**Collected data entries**

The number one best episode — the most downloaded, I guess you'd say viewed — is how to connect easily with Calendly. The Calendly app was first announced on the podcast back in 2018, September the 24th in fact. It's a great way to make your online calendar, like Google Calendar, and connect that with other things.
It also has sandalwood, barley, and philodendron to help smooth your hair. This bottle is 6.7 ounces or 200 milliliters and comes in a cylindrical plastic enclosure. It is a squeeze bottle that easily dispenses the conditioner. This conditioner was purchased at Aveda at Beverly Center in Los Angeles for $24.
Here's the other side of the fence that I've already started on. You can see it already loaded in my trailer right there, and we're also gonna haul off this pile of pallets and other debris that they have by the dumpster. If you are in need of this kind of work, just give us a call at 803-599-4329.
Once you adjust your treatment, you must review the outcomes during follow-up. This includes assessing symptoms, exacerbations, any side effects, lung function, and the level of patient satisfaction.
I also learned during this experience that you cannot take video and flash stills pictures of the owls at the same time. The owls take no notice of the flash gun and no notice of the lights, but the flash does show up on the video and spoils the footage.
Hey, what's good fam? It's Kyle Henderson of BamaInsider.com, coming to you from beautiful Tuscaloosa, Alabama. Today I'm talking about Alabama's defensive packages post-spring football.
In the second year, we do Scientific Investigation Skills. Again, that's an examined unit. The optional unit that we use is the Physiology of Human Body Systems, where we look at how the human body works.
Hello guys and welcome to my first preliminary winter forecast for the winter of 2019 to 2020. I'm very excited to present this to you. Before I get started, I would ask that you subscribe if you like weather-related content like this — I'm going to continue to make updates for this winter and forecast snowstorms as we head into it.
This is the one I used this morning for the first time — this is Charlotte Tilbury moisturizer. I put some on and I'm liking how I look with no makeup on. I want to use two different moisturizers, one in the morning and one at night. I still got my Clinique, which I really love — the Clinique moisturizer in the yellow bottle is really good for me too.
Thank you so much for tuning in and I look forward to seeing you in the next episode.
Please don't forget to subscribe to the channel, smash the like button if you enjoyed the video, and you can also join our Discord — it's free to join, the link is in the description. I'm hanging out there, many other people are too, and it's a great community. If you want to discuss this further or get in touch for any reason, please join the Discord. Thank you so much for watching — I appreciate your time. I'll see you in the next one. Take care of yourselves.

**EXERCISE INSTRUCTIONS**
Provide the number of lines in the records above that contain the word "there", with no additional words.

**SOLVED PROBLEM**
2